For online news to serve me, it had to provide information I needed to know while offering a sense of completion so I could move on with my day. All I wanted was to stay up-to-date.

But online, the media companies wanted me to keep clicking. The Internet never says, “You’ve had enough, now go away.” Online news is never done. Links from one story to the next supposedly provided context, or directed me to yet more information. But for me—the guy with the compulsive scrolling problem—this wasn’t a feature, it was a bug.

Something needed to change. Luckily, there is a technology that provides plenty of information about the day’s events and doesn’t suck me into a time-wasting hyperlink vortex: the newspaper.

Just because a technology is new doesn’t make it better, at least not to all people in all cases. Reading news online left me feeling overwhelmed, exhausted, and anxious. I was afraid I could never be informed enough—I was afraid of missing something. But reading the print edition of a well-regarded daily newspaper satisfied my need to be informed while providing closure. I knew that for the paper, editors had curated only the top stories, saving me from reading the incomplete, incremental, second-rate stuff often published online, where marginal webpages cost virtually nothing. And when I physically turned the last page of the newspaper—such a satisfying moment—I felt as if I’d read enough to be informed for the day.

Not My Newsfeed

I’ve implemented other changes to my information-consumption routine since the election:

– I no longer get my news from newsfeeds.

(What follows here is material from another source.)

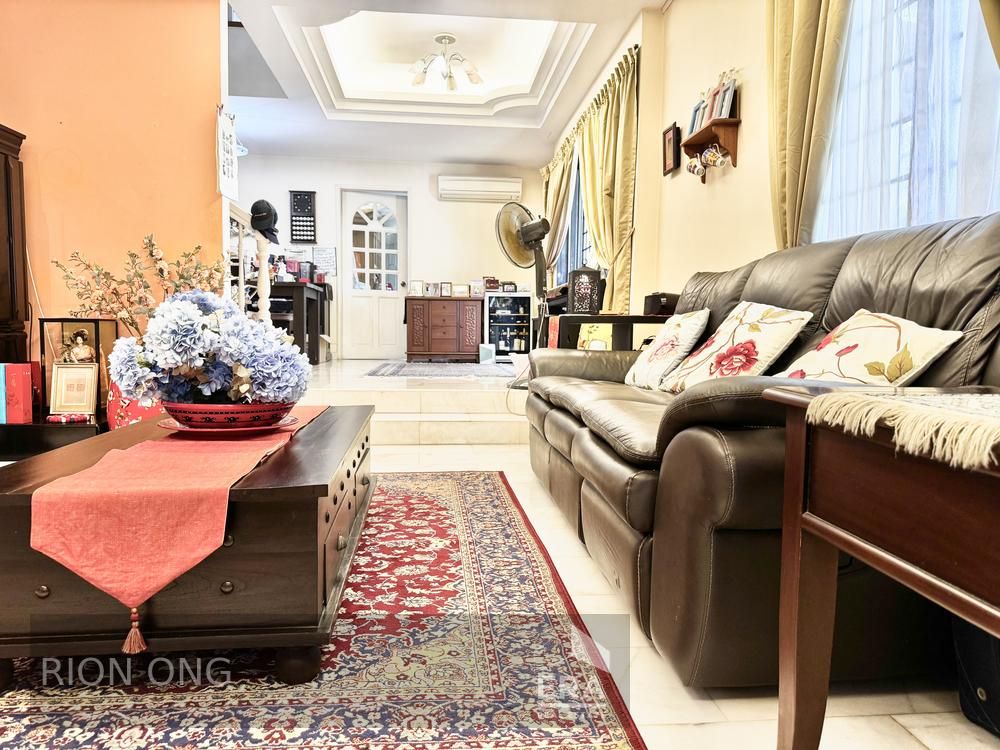 Well Kept Fh Corner Terrace for Sale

I uninstalled the Facebook and Twitter apps from my iPhone and check these sites once per day from my desktop instead of several times per day on my phone.

– I use the DistractOff plugin to block online news sites.

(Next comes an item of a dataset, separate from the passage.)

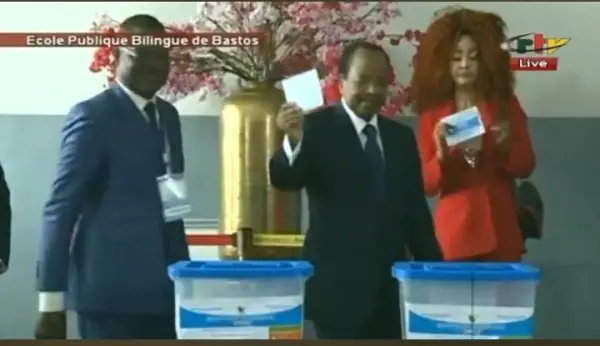 Paul Biya annonce des élections régionales après les législatives et municipales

– I installed the Facebook Newsfeed Eradicator on my browser, which, just as the name implies, completely removes the newsfeed from Facebook. I can still check the pages of people I care about, I just no longer have to wade through the distracting wall of algorithmically curated content designed to suck me in.

– Though I no longer scroll news sites, I still subscribe to email newsletters from select publications and writers. As a rule, I never read the articles they link to online. Instead, I save articles to the Pocket app so I can read or listen to them later.

Of course, I get the irony that you’re reading this online. To be clear, I love the Internet and all the ways it enhances our lives. I’m also not advocating media asceticism. I still consume a ton of news—I just make sure I’m getting it from trusted sources, in a way that serves me.

As the Greek philosopher Sophocles reminds us, “Nothing vast enters the life of mortals without a curse.” Today, many of us struggle with the curse of having access to vast amounts of information through our connected devices. We need to re-examine why we use these technologies and how. It’s up to us individually to figure out which and how much news content is good for us by asking the critical question, “Is this technology serving me, or am I serving it?”

Once we know the answer, we can adjust. Sometimes the solution is to adopt new technologies. But other times, as was the case for me and online news, the solution is to go back to the old way of doing things for a while.